Shawn Wilson wanted to drop 25-30 pounds, so she went shopping online for a weight loss drug.
"I got on the Internet and I Googled weight loss," Wilson said. "How can I lose weight without having surgery?"
She said she found a Florida company called Roca Labs that branded its product "Gastric Bypass No Surgery."
"I saw different comments about how it works and people showing before and after pictures," Wilson said. "I thought, hey I'll give it a try."
Wilson ordered the product but said problems began soon after she took it.
"From day one, I had headaches, stomachaches, I couldn't sleep at night," she recalled.
She said she wasn't able to get a return phone call from the company when she called to return the product.
"So, I took the initiative to email them," she said. "I received an email back from them saying once you buy the product, it's yours. There are no refunds and you can't return the item."
Wilson then stopped future payments to Roca Labs, but says that didn't sit well with the company. She said they demanded payment.
"I felt like it was a threat. They're telling me you need to make your payment or you're going to go in collections," she said.
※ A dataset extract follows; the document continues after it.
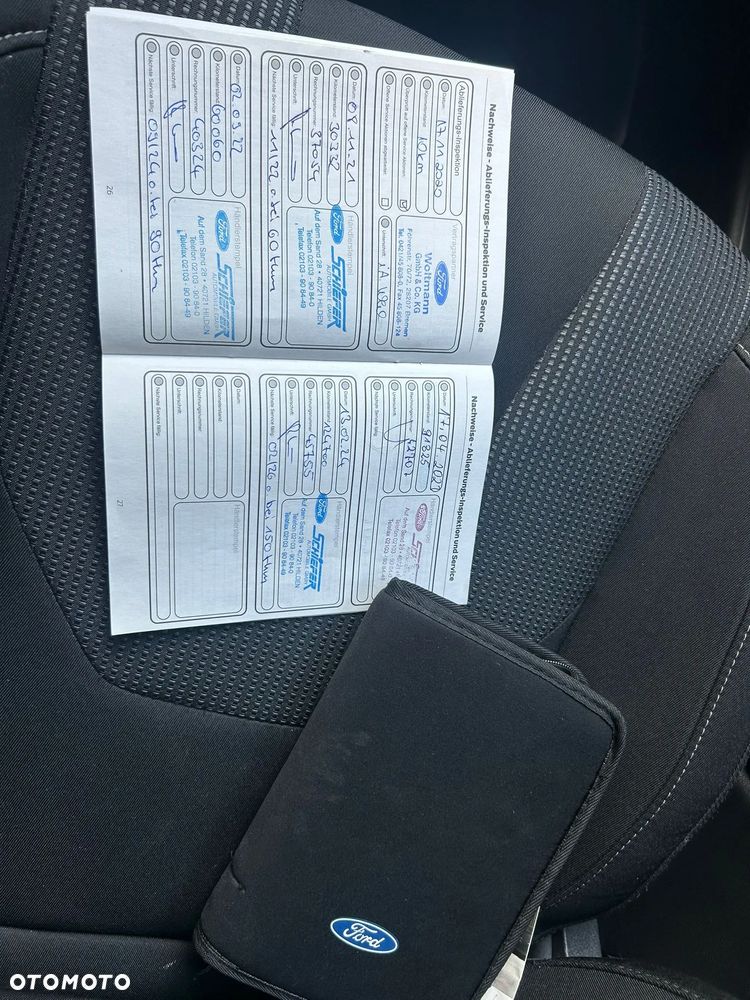 Ford Mondeo 2.0 EcoBlue Titanium - 24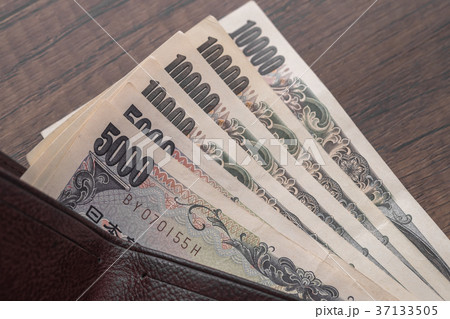 Japanese bank notes in wallet Japanese bank notes in wallet 37133505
She stood firm and said the company finally stopped contacting her for payment. She said she decided diet and exercise was the best way to lose weight and shed her unwanted pounds.
Another customer, Jennifer Schaive of Springfield, Illinois, took her complaint about the company to the Better Business Bureau. She wrote a negative review about the product.
"They didn't like that I wrote a negative review," Schaive said. "They told me that I needed to take my review down or they were going to file a lawsuit against me."
Schaive didn't remove her review. The company did sue her but eventually dropped the lawsuit.
The Florida Attorney General's Office has received similar complaints about Roca Labs. One complaint reads, "They have emailed me twice with lawyer letters saying I am being sued for defamation if I do not send them $300,000."
Roca Labs did not respond to requests for comments but in response to a recent lawsuit filed against it by the Federal Trade Commission said: "Customers were required to agree not to publicly disparage Roca Labs."
But an FTC attorney said adding a so-called gag clause in writing doesn't make it right.
"A company upfront saying, 'no bad reviews of us and no bad reviews of our products,' we think is unlawful," said Carl Settlemyer with the FTC's Bureau of Consumer Protection.
The FTC lawsuit also alleges the company's advertising is deceptive including promises of a 21 pound a month weight loss, a scientifically proven 90 percent success rate and claims that the product is safe and effective for use by children as young as six.
Settlemyer said some customers may have lost weight but the company can't provide scientific proof that the product caused the weight loss.
The company denies using deceptive weight loss ads. In court documents, the company stated it stands behind the effectiveness of its products.
While the FTC lawsuit winds its way through court, Roca Labs has dropped some of the questionable language in its advertising and is no longer pursuing lawsuits against customers.